Washington, DC. 20549
Attn: Cara Wirth
| Re: | Collectable Sports Assets, LLC |
| | Offering Statement on Form 1-A Post-qualification Amendment No. 8 Filed February 1, 2021 |
| | File No. 024-11178 |
Ladies and Gentlemen:
We hereby submit the response of Collectable Sports Assets, LLC (the “Company”) to the comments of the staff (the “Staff”) of the U.S. Securities and Exchange Commission set forth in the Staff’s letter, dated February 19, 2021, providing the Staff’s comments with respect to the Company’s Post-Qualification Amendment No. 8 to Offering Statement on Form 1-A (the “Offering Statement”).
For the convenience of the Staff, the Staff’s comment is included and is followed by the corresponding response of the Company.

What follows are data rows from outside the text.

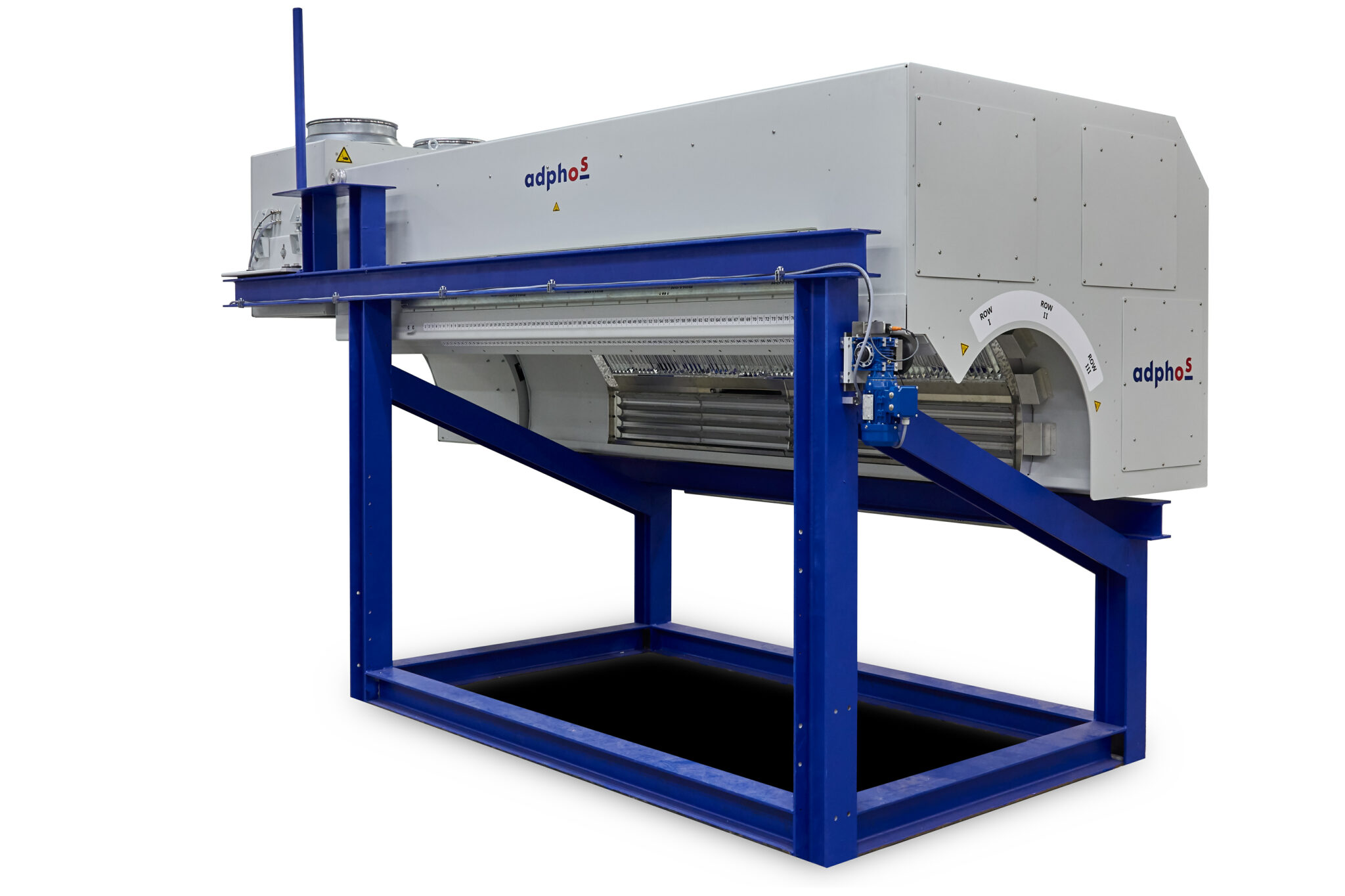 Interprint system from adphos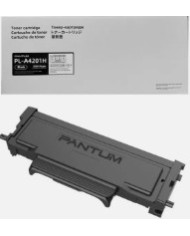 Toner pantum tl-a4201h white box nero 3.000pp x bp4200dw bm4200dw bm4240adw bm4300adw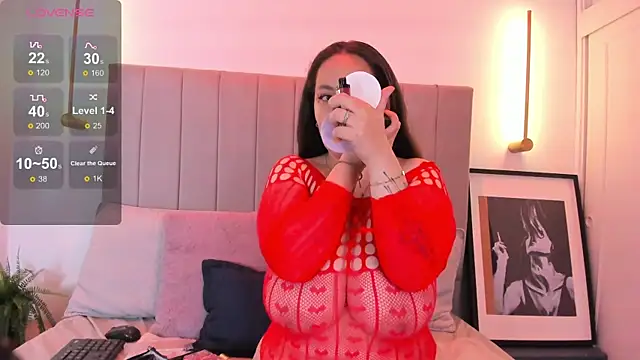 Ashley Monroe online show from September 2025 12:50:02 PM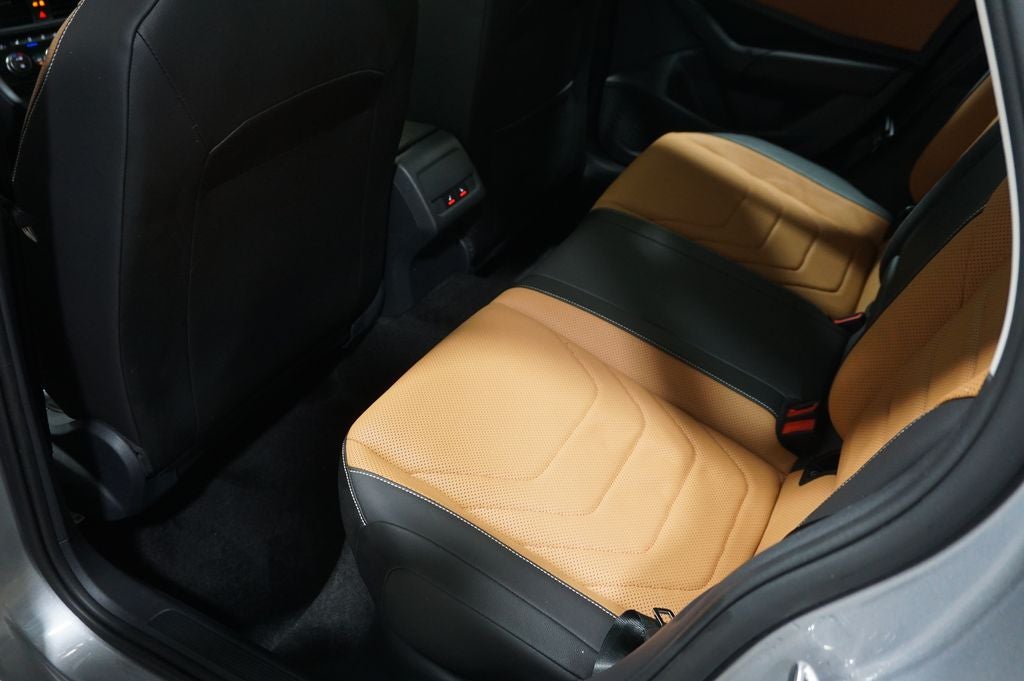 2023 Volkswagen Jetta 1.5T SEL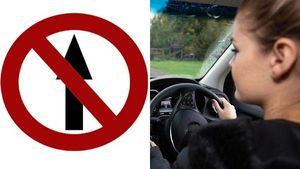 रॉन्ग साइड ड्राइविंग करने पर हमेशा के लिए रद्द होगा ड्राइविंग लाइसेंस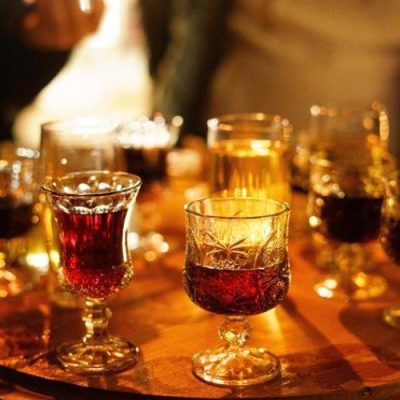 Бар UA DRINK EMBASSY | Софіївська вул., 3-Б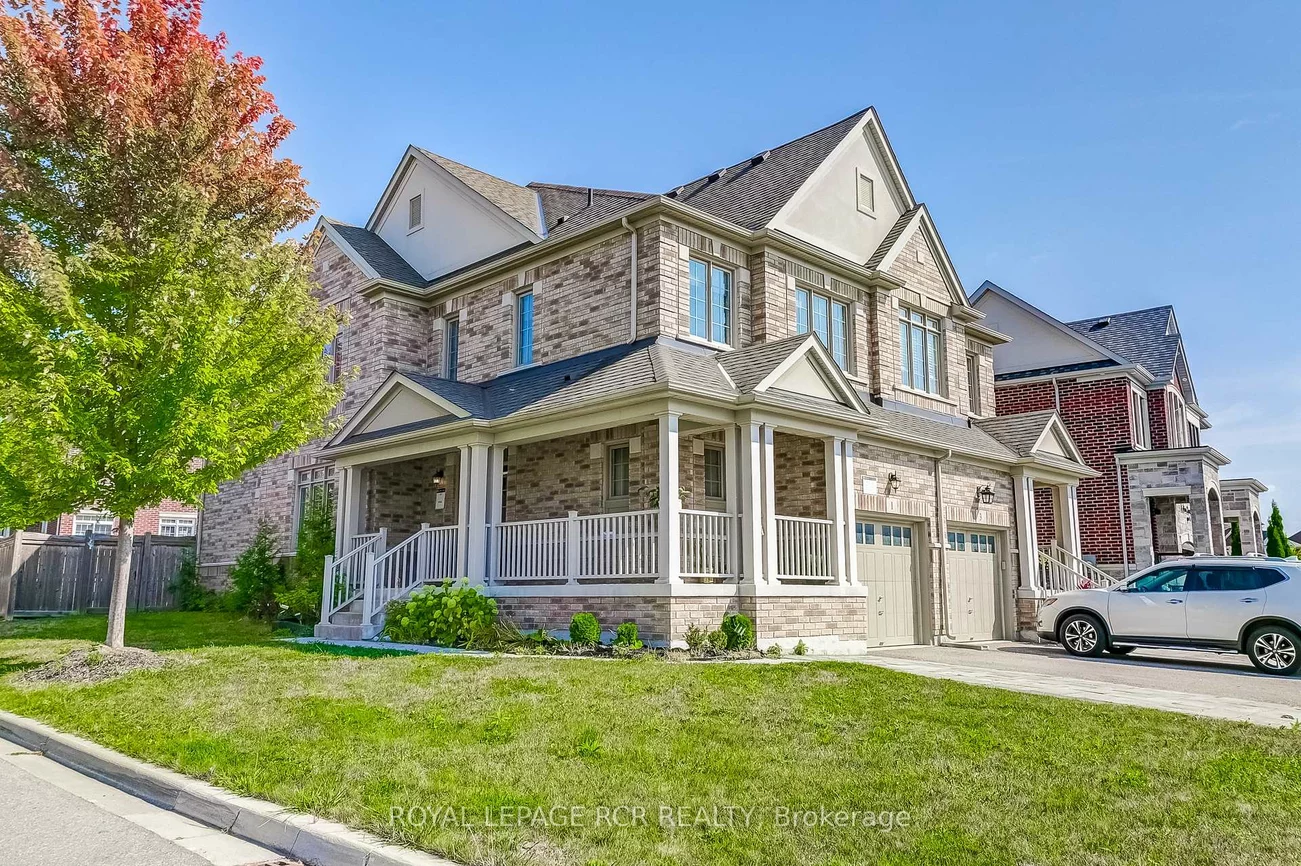 1, Silver Charm, Sharon, East Gwillimbury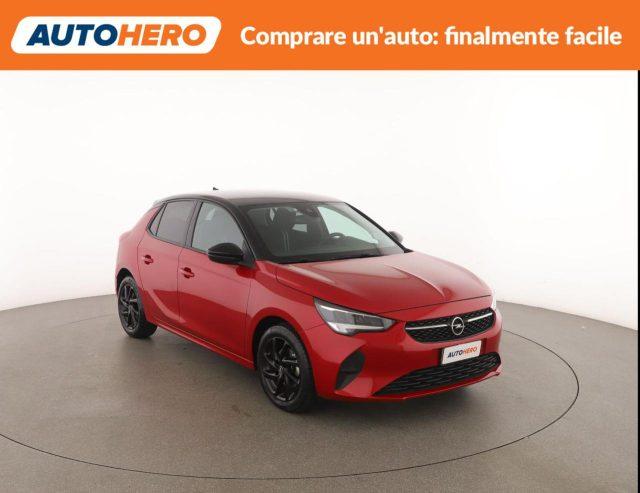 OPEL Corsa 1.5 D 100 CV Design & Tech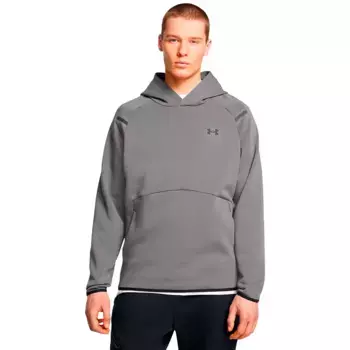 Худи Under Armour Unstoppable Fleece EU, серый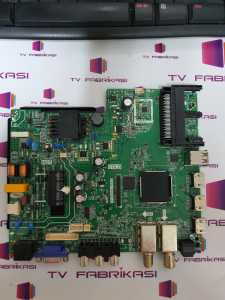 ONVO,MORİO,TP.SK508S.PB802 ,MR43750,OV32151 , MAIN BOARD
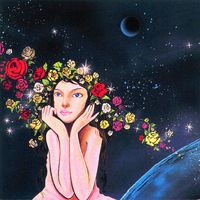 Asami Kado - Fascination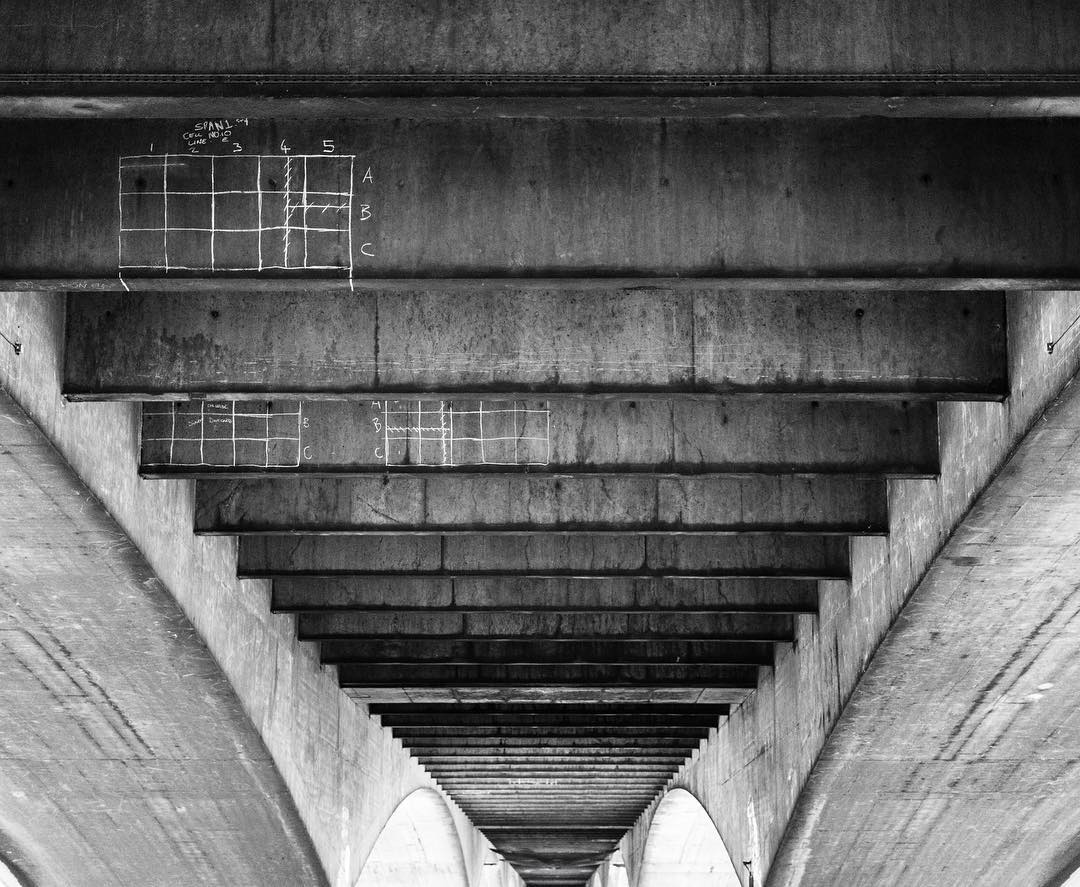 Waterloo Bridge, London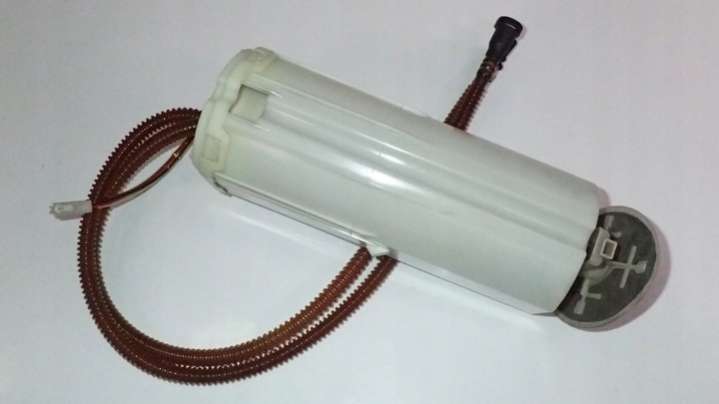 3D0919087F Насос топливный Audi A8 D3/4E (2002-2005) 2002г. | Фото № 1 3D0919087F Насос топливный Audi A8 D3/4E (2002-2005) 2002г. - Фото 1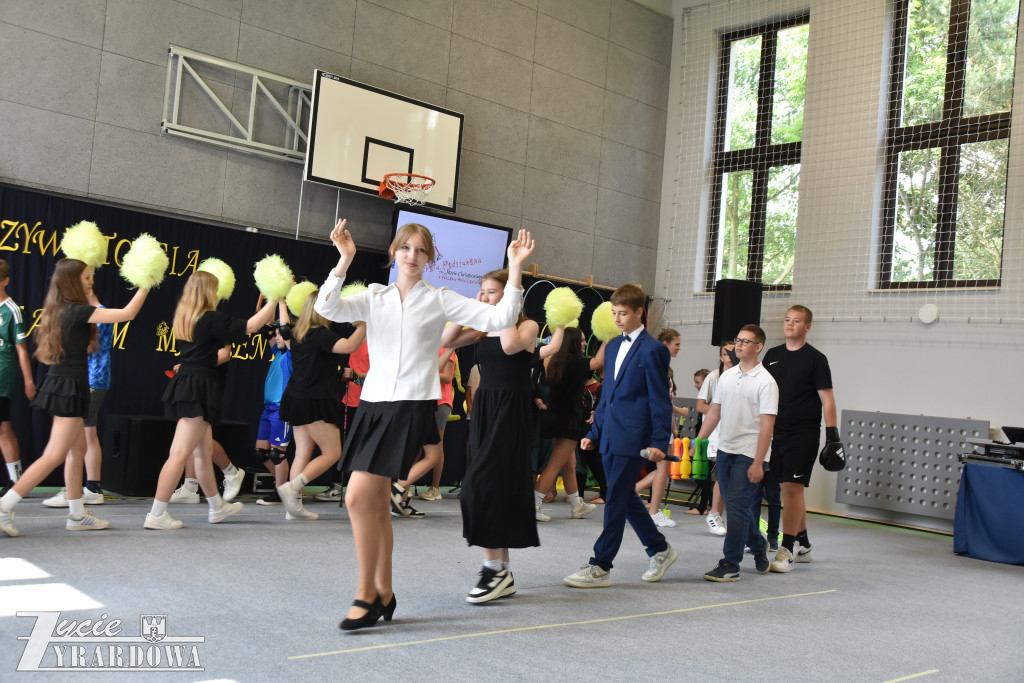 Spełniły się marzenia – zaczęła się lepsza przyszłość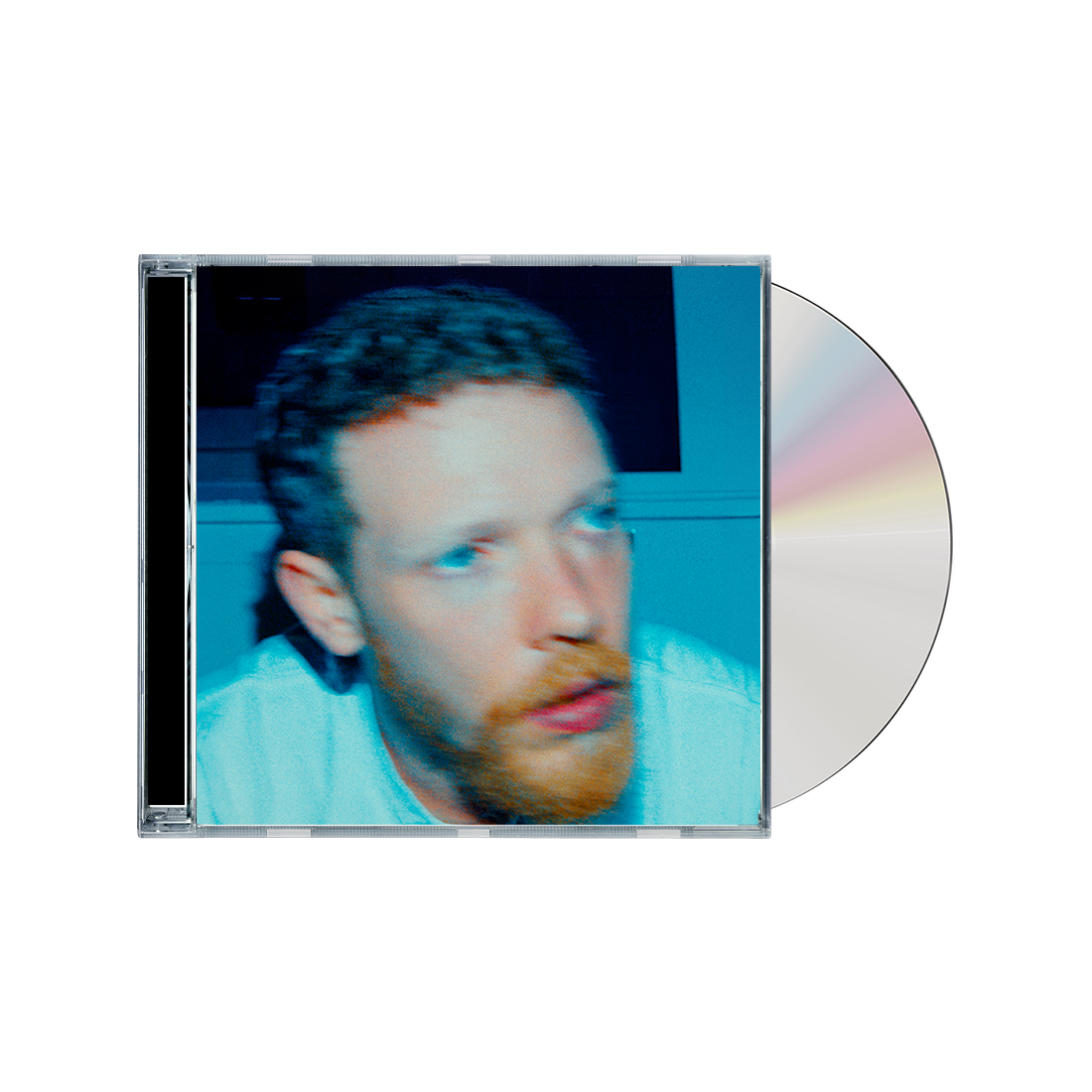 Matt Maeson: A Quiet and Harmless Living CD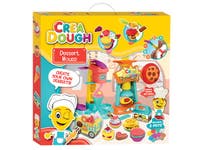 Crea Dough, Dessert House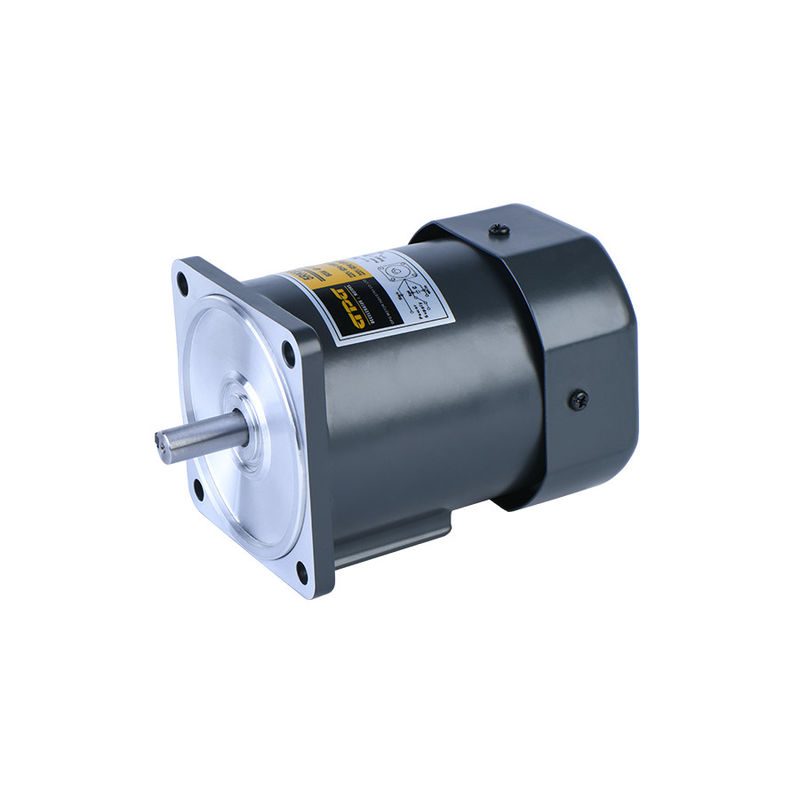 électrique 120w 90mm moteur à courant alternatif couple à faible bruit de moteur à courant alternatif 220v le grand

Unless the context indicates otherwise, references in this letter to “we,” “us” and “our” refer to the Company on a consolidated basis.
Post-Qualification Amendment No. 8 to Offering Statement on Form 1-A
Principal Interest Holders, page 244
| 1. | We note your response to our prior comment 1. Under Rule 405 of the Securities Act, a "director" means any director of a corporation or any person performing similar functions with respect to any organization whether incorporated or unincorporated. Under Article V, Section 5.1 of your Amended and Restated Limited Liability Company Agreement, your Managing Member has "full power and authority to do, and to direct the Officers to do, all things and on such terms as it determines to be necessary or appropriate to conduct the business of the Company and each Series," which seems like your Managing Member performs similar functions to that of a director. Accordingly, please revise your Principal Interest Holders section to include the information required by Item 12 of Form 1-A. |
Response: Per recent changes to Item 601 of Regulation S-K, we acknowledge the Staff’s comment and are prepared to respond to the Staff’s comment through updating the Offering Statement by filing Post-Qualification Amendment No. 10. Please be advised that while we agree with the analysis set forth above, unit holders do not vote for the Manager – that is why they are not “voting securities.” “Voting securities,” per Exchange Act Rule 12b-2, means “securities the holders of which are presently entitled to vote for the election of directors.” No holders of any series of interests that the Company is issuing have such rights. Accordingly, we believe that our prior response was appropriate.
Nevertheless, as you have been advised by our counsel, we are suggesting including in Amendment No. 10 a chart to the following effect that will include the information indicated below as to each of the Company’s Series that is outstanding.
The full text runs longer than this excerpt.